U.S. District Judge Florence-Marie Cooper issued a temporary injunction Monday, rejecting a Navy request that she dismiss a lawsuit filed by the Natural Resources Defense Council.
The council says the Navy planned to use so-called mid-frequency sonar over thousands of square miles of ocean in an area rich in marine life. The council contends the high-power sonar causes marine mammals to beach themselves and leads to other harm.
The injunction will force the Navy to comply with federal environmental laws protecting marine life, said Joel Reynolds, a senior attorney for the NRDC.
"We don't take issue with the Navy's judgment that it needs to use this technology," Reynolds said. "Our concern is when they test and train, they do so in a responsible manner."
The Navy said it would appeal the injunction, arguing that sonar is a vital tool in detecting submarines.
"To the extent this court decision prevents us from using active sonar, it potentially puts American lives and our national security at risk," the Navy's Third Fleet commander, Vice Adm.
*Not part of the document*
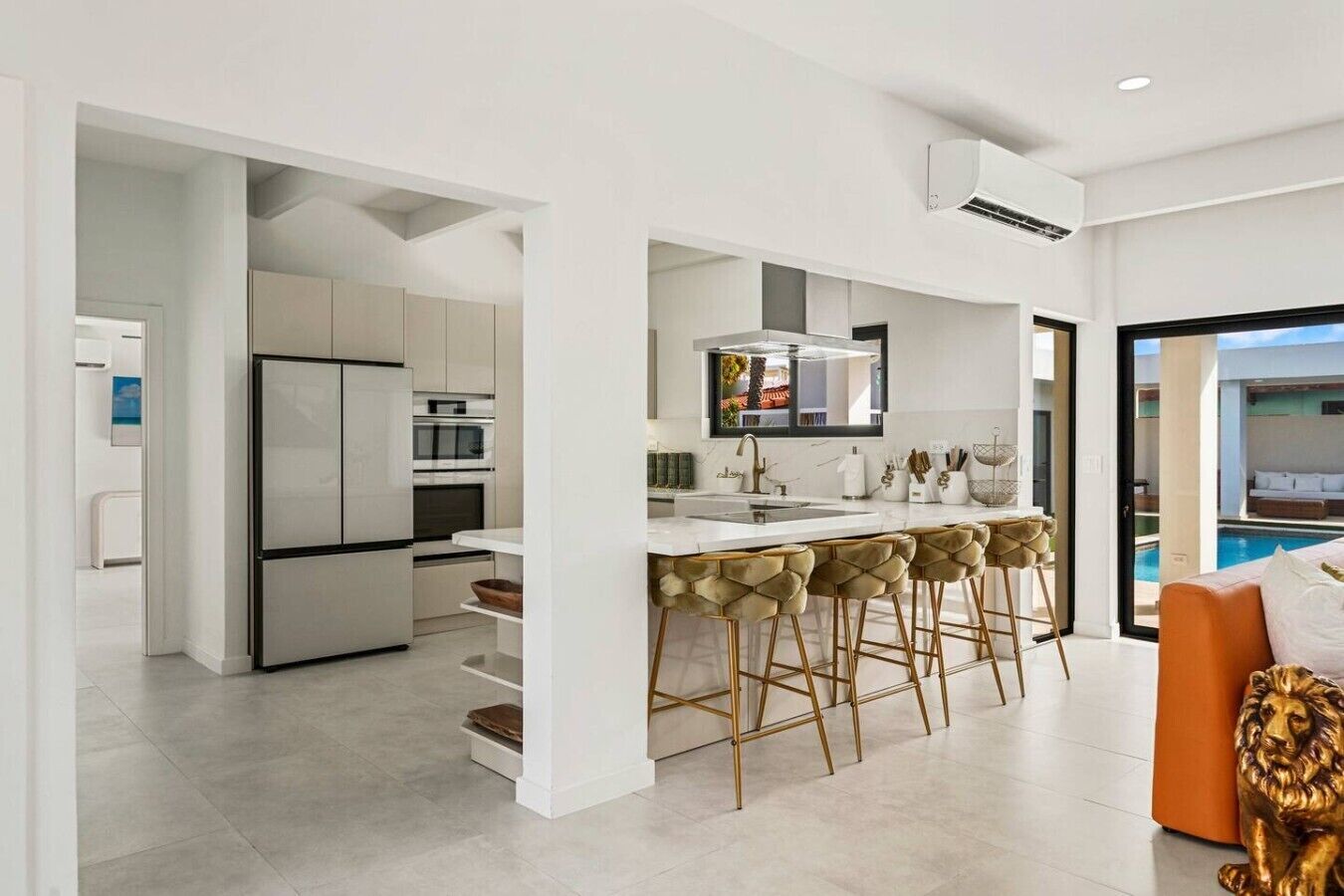 Una cocina moderna con una isla central, taburetes de bar y vistas a una piscina.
Samuel Locklear, said in a statement.
The Navy maintains that it already minimizes risks to marine life. It has monitored the ocean off Southern California for the 40 years it has employed sonar without seeing any whale injuries, the Navy said in a news release.
The Navy has planned a series of 14 training exercises using sonar. It says it has already carried out three of these and has found no evidence of strandings, injuries or behavioral disturbance to marine mammals.
Reynolds said the ban would remain in effect until his organization's lawsuit is settled.